_AIM OF THE EXERCISE_
Write out once more the lines running from the top of the entries below to the line with "Condo in Lauderdale", both ends included.

_RECORDS TO USE_
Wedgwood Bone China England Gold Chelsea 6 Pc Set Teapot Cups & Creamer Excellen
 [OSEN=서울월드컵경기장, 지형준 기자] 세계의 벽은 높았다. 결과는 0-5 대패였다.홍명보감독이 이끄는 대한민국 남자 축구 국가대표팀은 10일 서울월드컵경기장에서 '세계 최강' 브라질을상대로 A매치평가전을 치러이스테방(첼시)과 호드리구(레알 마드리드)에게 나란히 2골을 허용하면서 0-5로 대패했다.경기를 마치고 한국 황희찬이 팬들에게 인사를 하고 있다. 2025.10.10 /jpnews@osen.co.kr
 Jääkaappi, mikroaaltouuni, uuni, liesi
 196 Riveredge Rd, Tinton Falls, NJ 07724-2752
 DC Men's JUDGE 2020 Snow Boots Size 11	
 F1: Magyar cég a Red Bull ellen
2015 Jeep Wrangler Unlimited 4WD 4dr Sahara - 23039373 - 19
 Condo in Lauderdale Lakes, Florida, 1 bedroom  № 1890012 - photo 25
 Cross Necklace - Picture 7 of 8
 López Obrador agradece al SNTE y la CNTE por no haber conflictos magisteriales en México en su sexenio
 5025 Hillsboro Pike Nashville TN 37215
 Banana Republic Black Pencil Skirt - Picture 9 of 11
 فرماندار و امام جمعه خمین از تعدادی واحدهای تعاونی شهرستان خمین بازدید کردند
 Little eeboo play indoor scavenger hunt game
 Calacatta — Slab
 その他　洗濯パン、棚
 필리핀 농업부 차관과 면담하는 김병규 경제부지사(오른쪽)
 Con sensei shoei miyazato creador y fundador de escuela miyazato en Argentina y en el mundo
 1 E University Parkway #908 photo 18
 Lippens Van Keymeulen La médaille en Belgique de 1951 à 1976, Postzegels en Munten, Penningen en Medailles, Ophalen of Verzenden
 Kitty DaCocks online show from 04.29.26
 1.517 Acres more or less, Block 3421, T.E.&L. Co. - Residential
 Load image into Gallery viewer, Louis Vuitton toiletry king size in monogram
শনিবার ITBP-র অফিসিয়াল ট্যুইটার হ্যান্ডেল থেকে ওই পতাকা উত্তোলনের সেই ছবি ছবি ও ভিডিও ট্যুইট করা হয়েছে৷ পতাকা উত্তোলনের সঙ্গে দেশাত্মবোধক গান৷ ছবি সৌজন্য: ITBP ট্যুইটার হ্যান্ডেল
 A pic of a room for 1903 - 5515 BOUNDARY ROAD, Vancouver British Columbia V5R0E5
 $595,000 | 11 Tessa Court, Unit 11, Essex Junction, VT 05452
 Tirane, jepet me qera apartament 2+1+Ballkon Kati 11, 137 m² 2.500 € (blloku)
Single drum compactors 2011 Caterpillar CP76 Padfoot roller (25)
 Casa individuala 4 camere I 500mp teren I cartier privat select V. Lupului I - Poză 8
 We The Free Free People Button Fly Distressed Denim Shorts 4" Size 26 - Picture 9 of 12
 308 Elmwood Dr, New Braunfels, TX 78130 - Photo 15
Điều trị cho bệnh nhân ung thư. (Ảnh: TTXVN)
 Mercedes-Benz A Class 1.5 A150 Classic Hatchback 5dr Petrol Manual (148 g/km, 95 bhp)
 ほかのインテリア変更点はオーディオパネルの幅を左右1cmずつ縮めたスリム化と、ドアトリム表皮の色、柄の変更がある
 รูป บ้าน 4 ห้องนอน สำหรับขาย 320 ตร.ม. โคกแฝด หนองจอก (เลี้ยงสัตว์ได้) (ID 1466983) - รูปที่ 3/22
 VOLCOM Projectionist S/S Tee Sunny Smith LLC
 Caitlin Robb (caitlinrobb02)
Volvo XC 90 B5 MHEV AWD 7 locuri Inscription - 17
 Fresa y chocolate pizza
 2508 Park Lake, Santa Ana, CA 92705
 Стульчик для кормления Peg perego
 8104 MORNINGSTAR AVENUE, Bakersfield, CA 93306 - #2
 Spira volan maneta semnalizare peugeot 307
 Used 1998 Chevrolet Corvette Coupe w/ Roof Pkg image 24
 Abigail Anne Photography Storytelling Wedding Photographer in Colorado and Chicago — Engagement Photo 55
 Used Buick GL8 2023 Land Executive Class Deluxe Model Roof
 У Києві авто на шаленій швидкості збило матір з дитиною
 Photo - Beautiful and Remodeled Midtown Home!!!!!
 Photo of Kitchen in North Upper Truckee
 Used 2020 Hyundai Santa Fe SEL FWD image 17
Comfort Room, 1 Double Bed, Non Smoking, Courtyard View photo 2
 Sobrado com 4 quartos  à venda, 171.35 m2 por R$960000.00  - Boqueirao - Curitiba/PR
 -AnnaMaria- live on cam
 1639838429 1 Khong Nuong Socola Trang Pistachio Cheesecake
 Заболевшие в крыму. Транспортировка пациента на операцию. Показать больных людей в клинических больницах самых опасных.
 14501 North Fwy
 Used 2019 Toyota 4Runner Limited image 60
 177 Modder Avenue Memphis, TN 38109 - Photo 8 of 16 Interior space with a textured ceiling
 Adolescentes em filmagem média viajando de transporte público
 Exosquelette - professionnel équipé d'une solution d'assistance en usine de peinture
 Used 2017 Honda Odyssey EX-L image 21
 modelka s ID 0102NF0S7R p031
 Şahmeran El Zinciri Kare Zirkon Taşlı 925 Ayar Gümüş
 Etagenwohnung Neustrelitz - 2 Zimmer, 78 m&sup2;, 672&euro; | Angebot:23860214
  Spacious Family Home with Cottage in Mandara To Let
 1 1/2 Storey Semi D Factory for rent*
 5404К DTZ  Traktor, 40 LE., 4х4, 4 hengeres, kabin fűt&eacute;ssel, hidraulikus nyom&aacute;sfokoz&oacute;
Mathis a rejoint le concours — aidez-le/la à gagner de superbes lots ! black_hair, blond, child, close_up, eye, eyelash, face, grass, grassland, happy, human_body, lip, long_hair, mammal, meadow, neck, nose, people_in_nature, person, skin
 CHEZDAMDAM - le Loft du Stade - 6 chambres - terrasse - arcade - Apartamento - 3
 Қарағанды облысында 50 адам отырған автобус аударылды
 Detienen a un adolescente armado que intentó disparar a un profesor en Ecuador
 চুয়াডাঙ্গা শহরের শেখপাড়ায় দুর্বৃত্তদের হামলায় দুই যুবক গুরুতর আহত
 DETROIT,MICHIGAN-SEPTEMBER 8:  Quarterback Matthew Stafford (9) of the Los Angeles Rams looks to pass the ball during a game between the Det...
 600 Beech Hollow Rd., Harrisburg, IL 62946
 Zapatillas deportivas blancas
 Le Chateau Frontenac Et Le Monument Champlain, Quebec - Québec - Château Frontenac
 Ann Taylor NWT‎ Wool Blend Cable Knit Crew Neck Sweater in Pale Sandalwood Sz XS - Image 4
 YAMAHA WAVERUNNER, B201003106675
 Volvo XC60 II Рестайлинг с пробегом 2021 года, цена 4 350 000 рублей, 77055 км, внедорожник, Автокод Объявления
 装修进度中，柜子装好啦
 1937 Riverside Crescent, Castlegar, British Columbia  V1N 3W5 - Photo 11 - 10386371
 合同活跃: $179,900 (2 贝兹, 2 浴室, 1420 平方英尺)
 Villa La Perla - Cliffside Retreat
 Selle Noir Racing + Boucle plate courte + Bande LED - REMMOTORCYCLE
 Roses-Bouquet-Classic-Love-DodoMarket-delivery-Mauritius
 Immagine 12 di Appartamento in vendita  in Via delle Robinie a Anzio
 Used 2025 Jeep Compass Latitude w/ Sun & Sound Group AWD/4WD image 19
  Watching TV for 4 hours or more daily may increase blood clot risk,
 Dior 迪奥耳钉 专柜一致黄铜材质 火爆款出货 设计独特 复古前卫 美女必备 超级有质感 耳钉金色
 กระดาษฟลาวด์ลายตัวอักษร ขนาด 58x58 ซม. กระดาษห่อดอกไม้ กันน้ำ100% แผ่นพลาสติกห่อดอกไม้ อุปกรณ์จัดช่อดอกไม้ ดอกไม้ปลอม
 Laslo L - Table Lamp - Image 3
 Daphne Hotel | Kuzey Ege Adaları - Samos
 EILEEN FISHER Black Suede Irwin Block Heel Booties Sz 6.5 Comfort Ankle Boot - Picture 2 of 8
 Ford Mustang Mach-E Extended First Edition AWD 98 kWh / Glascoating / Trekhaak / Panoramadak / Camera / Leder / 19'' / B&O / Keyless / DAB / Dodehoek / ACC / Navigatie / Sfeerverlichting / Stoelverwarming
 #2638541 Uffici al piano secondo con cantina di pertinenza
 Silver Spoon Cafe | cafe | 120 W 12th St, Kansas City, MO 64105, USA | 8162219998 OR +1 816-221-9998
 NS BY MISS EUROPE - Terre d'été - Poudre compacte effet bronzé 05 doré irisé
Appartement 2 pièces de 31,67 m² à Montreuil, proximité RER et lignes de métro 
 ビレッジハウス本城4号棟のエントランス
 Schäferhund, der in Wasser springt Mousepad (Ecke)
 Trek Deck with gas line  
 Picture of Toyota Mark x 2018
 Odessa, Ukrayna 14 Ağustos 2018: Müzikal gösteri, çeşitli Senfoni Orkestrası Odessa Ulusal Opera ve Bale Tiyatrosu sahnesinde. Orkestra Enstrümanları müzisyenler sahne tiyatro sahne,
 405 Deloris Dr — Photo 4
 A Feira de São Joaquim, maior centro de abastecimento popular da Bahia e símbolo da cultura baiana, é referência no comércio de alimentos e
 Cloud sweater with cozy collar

_YOUR RESPONSE_
Wedgwood Bone China England Gold Chelsea 6 Pc Set Teapot Cups & Creamer Excellen
 [OSEN=서울월드컵경기장, 지형준 기자] 세계의 벽은 높았다. 결과는 0-5 대패였다.홍명보감독이 이끄는 대한민국 남자 축구 국가대표팀은 10일 서울월드컵경기장에서 '세계 최강' 브라질을상대로 A매치평가전을 치러이스테방(첼시)과 호드리구(레알 마드리드)에게 나란히 2골을 허용하면서 0-5로 대패했다.경기를 마치고 한국 황희찬이 팬들에게 인사를 하고 있다. 2025.10.10 /jpnews@osen.co.kr
 Jääkaappi, mikroaaltouuni, uuni, liesi
 196 Riveredge Rd, Tinton Falls, NJ 07724-2752
 DC Men's JUDGE 2020 Snow Boots Size 11	
 F1: Magyar cég a Red Bull ellen
2015 Jeep Wrangler Unlimited 4WD 4dr Sahara - 23039373 - 19
 Condo in Lauderdale Lakes, Florida, 1 bedroom  № 1890012 - photo 25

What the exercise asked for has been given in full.